Short descriptive text snippets:
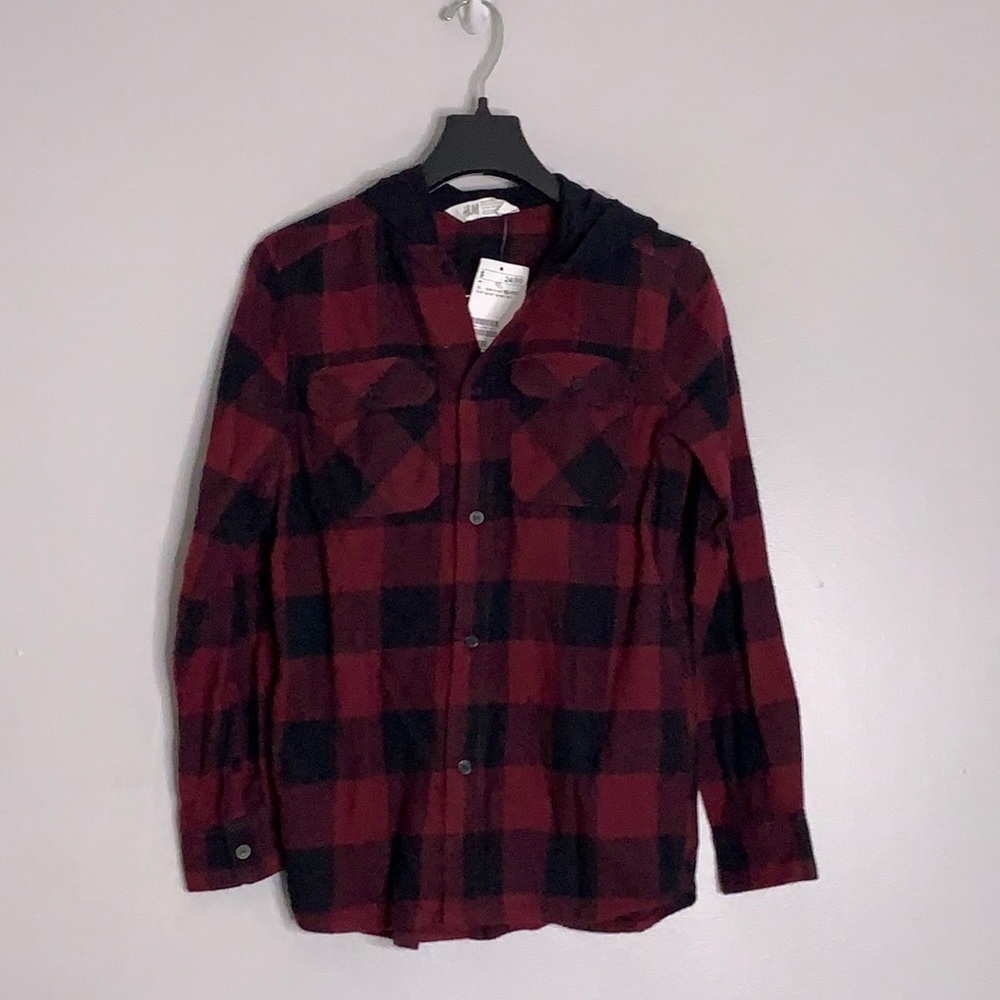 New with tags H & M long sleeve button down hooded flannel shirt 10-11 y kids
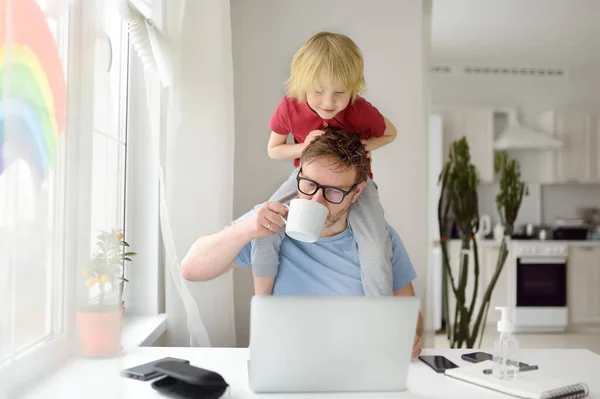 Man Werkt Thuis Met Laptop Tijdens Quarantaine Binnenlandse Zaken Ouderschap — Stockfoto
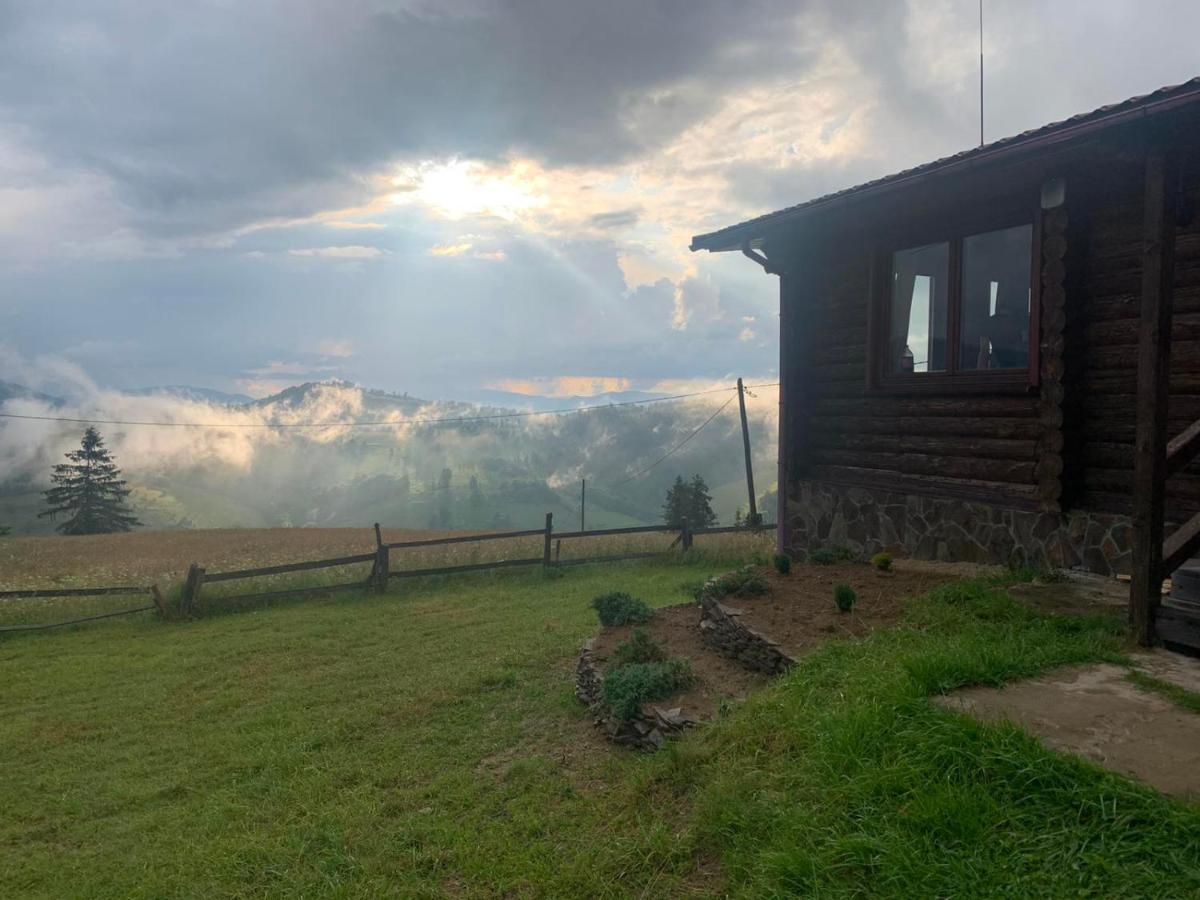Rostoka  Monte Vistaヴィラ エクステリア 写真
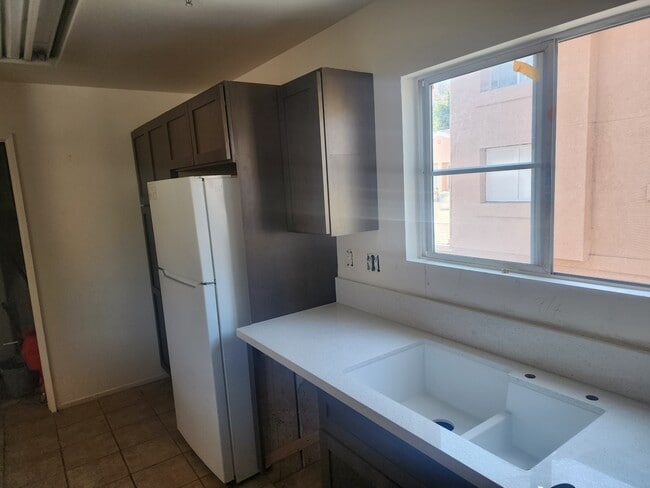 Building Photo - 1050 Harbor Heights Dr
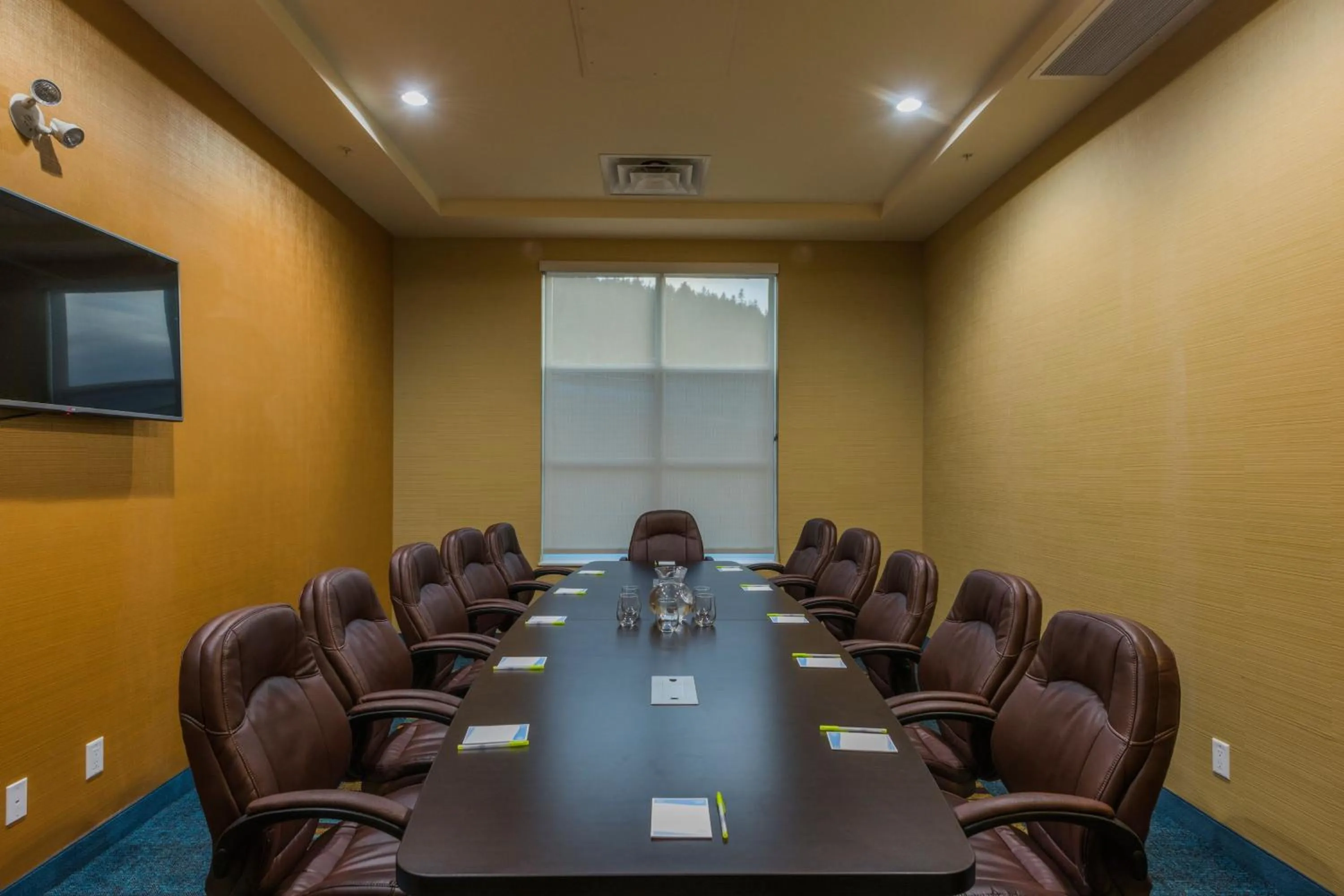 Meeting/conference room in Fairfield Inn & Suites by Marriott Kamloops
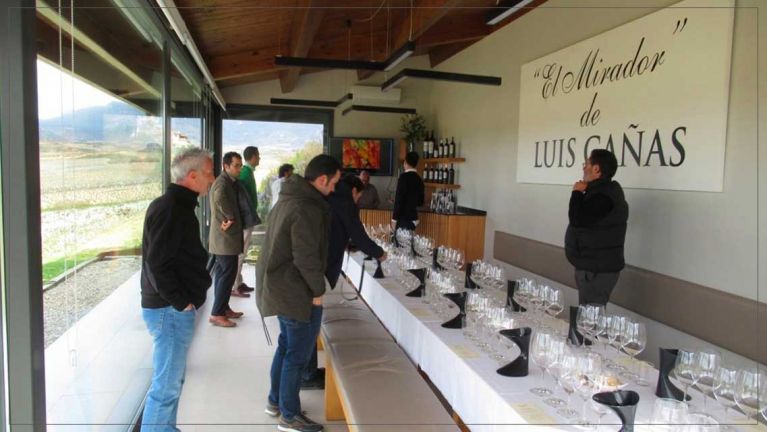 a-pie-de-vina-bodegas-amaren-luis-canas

__Task to carry out__
Set the entries down exactly, but not the pictures.

__Answer box__
 New with tags H & M long sleeve button down hooded flannel shirt 10-11 y kids
 Man Werkt Thuis Met Laptop Tijdens Quarantaine Binnenlandse Zaken Ouderschap — Stockfoto
Rostoka  Monte Vistaヴィラ エクステリア 写真
 Building Photo - 1050 Harbor Heights Dr
 Meeting/conference room in Fairfield Inn & Suites by Marriott Kamloops
 a-pie-de-vina-bodegas-amaren-luis-canas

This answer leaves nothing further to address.